5.4.2 With the exception of changes to the Constitution, decisions put to the vote shall be resolved by a simple majority of the Ordinary Members at General Meetings.

5.4.3 Except for elections to the Steering Committee, the Chairperson shall have a casting vote in cases of equality.

5.5 Quorum

General Meeting

5.5.1 The quorum at General Meetings shall be the presence, or presentation by proxy, of at least one fifth of all Ordinary Members of the Association.

5.5.2 If 60 minutes after the start of a General Meeting the requisite quorum is not present, the meeting shall be abandoned and re-convened with 7 days clear notice of the re-convened meeting being given. The members present at the reconvened meeting will form a quorum.

Committee Meetings

5.5.3 The quorum at Committee Meetings shall be three or a simple majority of appointed committee members, whichever is the greater.

5.5.4 If 60 minutes after the scheduled start of a committee meeting the requisite quorum is not present the meeting may be abandoned. If the meeting goes ahead without a quorum, committee members will be instructed by the chairperson to respond in writing to the committees findings and provisional decisions within 14 days of the publication of minutes. After such time has elapsed final decisions will be made public and the business of the committee will continue as before.

5.6 Changes to the Constitution

5.6.1 Any change to the Constitution shall require a two-thirds majority of all those present, or represented by proxy, and eligible to vote, at a General Meeting.

5.6.2 Notice shall be given to all voting members of any General Meeting as specified in section 5.3 and then any proposal to change the constitution shall be submitted in writing to the Secretary at least twenty one days prior to the meeting.

5.6.3 All proposals for changes to the Constitution shall be signed by two members eligible to vote at a General Meeting.

6. Finance

6.1 Members shall pay an annual subscription to the Association by the 15th April each year.
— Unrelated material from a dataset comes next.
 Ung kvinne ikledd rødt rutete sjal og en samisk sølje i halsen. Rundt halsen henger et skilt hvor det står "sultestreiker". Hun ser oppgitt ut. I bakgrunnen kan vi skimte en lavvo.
The amount will be decided by majority vote at the Annual General Meeting.

6.2 All monies received by or on behalf of the Association are to be used to further the aims of the Association as agreed by the membership.
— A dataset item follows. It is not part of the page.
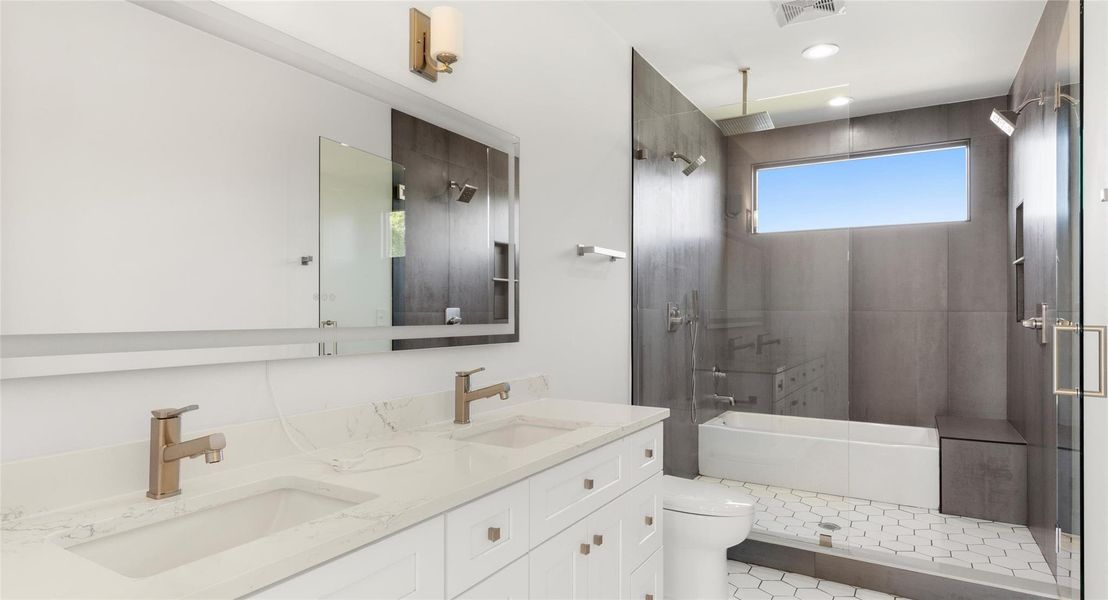 Full bath featuring walk in shower, double vanity, a tub to relax in, and light tile patterned floors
6.3 All money raised on behalf of the Association shall be paid into a deposit account or current account at The Co-operative Bank or such other bank as shall from time to time be substituted by the Steering Committee.

6.4 All cheques shall be signed by two of the three nominated Committee Members.

6.5 Single expenditures above £5000 shall need to pass a vote at a General Meeting.

6.5.1 Single expenditures above £100 but but less than £5000 can be passed by unanimous vote of the Steering Committee.

6.6 The Treasurer will be responsible for the preparation of the annual accounts of the Association which shall be presented by the Steering Committee, after audit, at the Annual General Meeting.

6.7 The accounts shall be audited by an independent person.

7. Bye-laws

The Steering Committee shall have the power to publish and enforce such bye-laws as the Ordinary Membership feels necessary to govern the activities of the Association. 

8. Equal Opportunities

The Association recognizes that certain groups are discriminated against in society. The Association shall be opposed to such discrimination and committed to equality of opportunity in its business, in its relations with its members and others and in its composition of committees. 

9. Dissolution

The Association may be dissolved if two-thirds or more of the Ordinary Members so desire, by their giving three months notice in writing to the Chairperson of the Association.  In this event the liabilities of the Association shall be discharged and the residuary assets distributed to a recognised charitable body.